# Need Help Beach Fishing In Destin (Fly Rod)



## FYFCALLS (Apr 6, 2011)

Im new to the area and I have a good idea on patterns to use but I am lost on how far out to wade and how to sight fish from the beach. Do I need sinking line and what kind of retrieve on the flies should be used. Thanks in advance.


----------



## a (Oct 2, 2007)

I wouldn't use a sinking line unless the surf is "up", if so id try a clear weight forward. As for how far out to wade, much deeper than waist high, i find difficult. Its is a good casting exercise though. If your on the gulf side i would walk the beach looking for fish, then wade if necessary.
As for stripping techniques, i use a longer faster strip for Spanish and ladyfish, and a short strip for the pompano......pink and yellow lead eyed clouser for the pomps, and a white deceiver for the rest. A ladder helps!


----------



## bigcat1967 (Mar 19, 2011)

> I wouldn't use a sinking line unless the surf is "up", if so id try a clear weight forward.

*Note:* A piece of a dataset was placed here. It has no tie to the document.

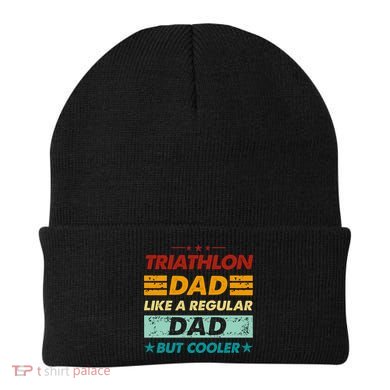 Funny Triathlon Dad Like A Regular Dad But Cooler Cute Gift Beanie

As for how far out to wade, much deeper than waist high, i find difficult. Its is a good casting exercise though. If your on the gulf side i would walk the beach looking for fish, then wade if necessary.
> As for stripping techniques, i use a longer faster strip for Spanish and ladyfish, and a short strip for the pompano......pink and yellow lead eyed clouser for the pomps, and a white deceiver for the rest. A ladder helps!


Thanks for the post "a". I'll be coming down from the Buckeye State next month and needed some heads up on beach fishing.


----------